Os motivos que me induzirão a escolher de preferencia o terreno da bahia, que começa na ponta da Trafaria, e vai findar no Cabo de Espichel, para estas tentativas e pesquizas, forão as noticias históricas que tinha obtido da Torre do Tombo; das quaes consta, que os Ourivieiros ou Mineiros da Adiça, que fica três quartos de legoa ao Nascente da nova Mina, desde o tempo do Senhor D. Affonso Henriques, em que já estavão em lavra estas terras, até o do Senhor D. João III, que as doou a hum certo António da Fonseca, sempre se conservarão em trabalho constante e lucrativo, a pezar do muito ouro, que pelas navegações do immortal Infante D. Henrique, nos vinha então da Costa da Mina.

Carta chorographica dos terrenos em volta de Lisboa (detalhe), 1814.
Imagem: Biblioteca Nacional de Portugal

Que as antigas Minas da Adiça forão de muita utilidade á Coroa e ao Reino, o provão os grandes privilegios concedidos pelos nossos Reis aos Mineiros, em huma longa serie de Cartas de confirmação desde o principio da Monarchia até os fins do Reinado do Senhor Rei D. João III em que cessarão esses serviços; talvez porque passarão da Coroa para as mãos de António da Fonseca.

A Adiça formava hum Couto Real com Juizes próprios e privativos postos por ElRei nos primeiros tempos, e chamados então "Quinteiros" e depois eleitos pelos próprios Mineiros. Tinhão estes o privilegio de se queixarem immediatamente a ElRei das pessoas, quaesquer que fossem, que lhes não cumprião seus foros e isenções; ou os íncommodavão em seus trabalhos e occupações.

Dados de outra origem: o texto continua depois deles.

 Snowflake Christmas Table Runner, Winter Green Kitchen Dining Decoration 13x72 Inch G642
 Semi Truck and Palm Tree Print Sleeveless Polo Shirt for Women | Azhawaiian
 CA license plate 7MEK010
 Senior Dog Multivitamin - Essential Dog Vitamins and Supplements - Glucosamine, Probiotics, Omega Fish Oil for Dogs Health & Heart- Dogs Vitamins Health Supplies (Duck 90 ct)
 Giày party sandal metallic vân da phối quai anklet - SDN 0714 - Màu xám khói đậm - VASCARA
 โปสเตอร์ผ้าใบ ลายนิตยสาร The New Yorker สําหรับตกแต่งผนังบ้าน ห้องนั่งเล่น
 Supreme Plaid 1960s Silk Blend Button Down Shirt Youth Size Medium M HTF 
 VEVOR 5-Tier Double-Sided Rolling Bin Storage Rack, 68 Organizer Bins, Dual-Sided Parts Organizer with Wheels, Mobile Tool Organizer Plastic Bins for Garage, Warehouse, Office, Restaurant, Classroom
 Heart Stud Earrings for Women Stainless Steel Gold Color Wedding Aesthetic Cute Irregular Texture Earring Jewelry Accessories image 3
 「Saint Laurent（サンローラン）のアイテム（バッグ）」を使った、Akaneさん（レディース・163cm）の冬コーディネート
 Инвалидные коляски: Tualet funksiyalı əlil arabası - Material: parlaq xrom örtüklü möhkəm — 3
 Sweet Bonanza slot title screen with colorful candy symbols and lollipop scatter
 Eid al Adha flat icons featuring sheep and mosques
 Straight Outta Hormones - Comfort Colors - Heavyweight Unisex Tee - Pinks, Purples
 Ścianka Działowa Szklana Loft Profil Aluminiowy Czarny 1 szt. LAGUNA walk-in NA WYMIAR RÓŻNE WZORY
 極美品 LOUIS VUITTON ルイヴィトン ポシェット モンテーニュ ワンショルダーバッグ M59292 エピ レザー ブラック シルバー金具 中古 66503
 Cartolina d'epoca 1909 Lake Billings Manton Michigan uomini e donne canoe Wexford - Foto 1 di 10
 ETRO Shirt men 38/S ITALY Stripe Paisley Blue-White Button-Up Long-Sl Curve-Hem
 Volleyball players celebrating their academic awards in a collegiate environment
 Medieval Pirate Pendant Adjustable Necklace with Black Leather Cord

Escarpements formés par le Miocène et Pliocène entre Costa de Caparica et Adissa [Adiça], cliché P Choffat, c. 1900.
Imagem: Internet Archive

Não pagavão jugada, nem imposto algum de suas herdades e fazendas: não hião á guerra: não respondião em causa civil ou criminal perante algum Juiz, que não fosse o seu próprio: ninguém pousava em sua casa; nem se lhe tomava cousa alguma do seu contra sua vontade: estavão isentos de todos os encargos e officios do Concelho , até mesmo da Almoraçaria; e o que mais he, até estavão livres dos Pedidos Reaes de géneros e dinheiro, e dos encargos de Candelária: finalmente podiâo emprazar perante ElRei todo e qualquer Juiz, que fosse contra algum destes privilégios.

Tudo isto consta da Carta de Confirmação do Senhor Rei D. Manoel de 2 de Maio de 1497, onde vem inseridas todas outras mais antigas desde o Senhor D. Affonso III. O Senhor Rei D. João III confirmou antes da doação já mencionada , os mesmos privilégios pela sua Carta de 17 de Abril de 1526.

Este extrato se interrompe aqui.